Because so many traditional banks have left the small commercial loan market ($1 million or less), alternative lenders have entered this space. As a result, new terms have also joined the business financing lexicon, such as a hard money loan and mezzanine funding. Understanding what they mean and how they differ can help you determine which one might be right for you.
A hard money loan is a type of loan that is structured against the property and used as collateral. Mezzanine financing is a hybrid of debt and equity financing that lets the lender retain the rights to own the company or take an equity interest in it in case of default, once any venture capital firms or other lenders have been paid.
Here's what you need to know about how hard money loans and mezzanine financing differ:
A Hard Money Loan Is Asset-Based. A Mezzanine Loan Does Not Have to Be.
A hard money loan is secured solely against a piece of real estate, but a mezzanine loan can be secured by an assignment of the property's ownership to the new lender. A mezzanine lien is often not secured by the real estate asset.
Sometimes, depending on the hard money lender's equity in the property, the lender may opt for an assignment option of the property as part of the repayment plan. But this could happen only if the lender agreed to the terms and if the borrower had enough equity in this property as well as some other holdings so that a foreclosure wouldn't affect the borrower's overall financial situation.
Usually, hard money loans and mezzanine financing stand on their own merits. In general, a lender will not want to commingle an equity assignment with the rest of the loan because it could present issues regarding cash flow and property valuation down the road, especially if other lenders have taken a subordinated position in the equity.
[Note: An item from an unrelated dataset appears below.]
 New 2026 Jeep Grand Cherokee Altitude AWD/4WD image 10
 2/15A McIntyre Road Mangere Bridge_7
Hard Money Loans Are Funded Quicker Than Mezzanine Financing
In the commercial lending world, timing is everything. Understanding the turnaround time for these loans is critical.
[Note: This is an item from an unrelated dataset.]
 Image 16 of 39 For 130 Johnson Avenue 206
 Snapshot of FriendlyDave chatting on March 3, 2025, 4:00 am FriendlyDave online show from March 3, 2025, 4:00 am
Hard money loans are typically funded much quicker than mezzanine financing. Mezzanine financing first requires a valuation of the asset and then an appraisal to establish the debt or equity component of this round of borrowing. A hard money loan can be funded as soon as the appraisal is done. Another advantage to a hard money loan is that sudden business opportunities may come up that could help the borrower pay it back while the mezzanine financing application is still going through the underwriting and syndication phase.
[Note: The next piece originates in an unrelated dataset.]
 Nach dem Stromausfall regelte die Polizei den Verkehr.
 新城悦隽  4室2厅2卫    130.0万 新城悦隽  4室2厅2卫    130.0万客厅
Mezzanine Financing Funds Bigger Deals Than Hard Money Loans
Mezzanine loans tend to be larger than hard money loans. Generally, mezzanine lenders won't conduct their due diligence for a loan under $2 million. This level of need is better served by hard money loans. Mezzanine financing is also tied to debt and equity components. Small deals aren't feasible or cost effective. On the other hand, interest rates are less on a mezzanine deal than on a hard money one.
Working with a reputable lending resource will help you decide which type of financing is right for you.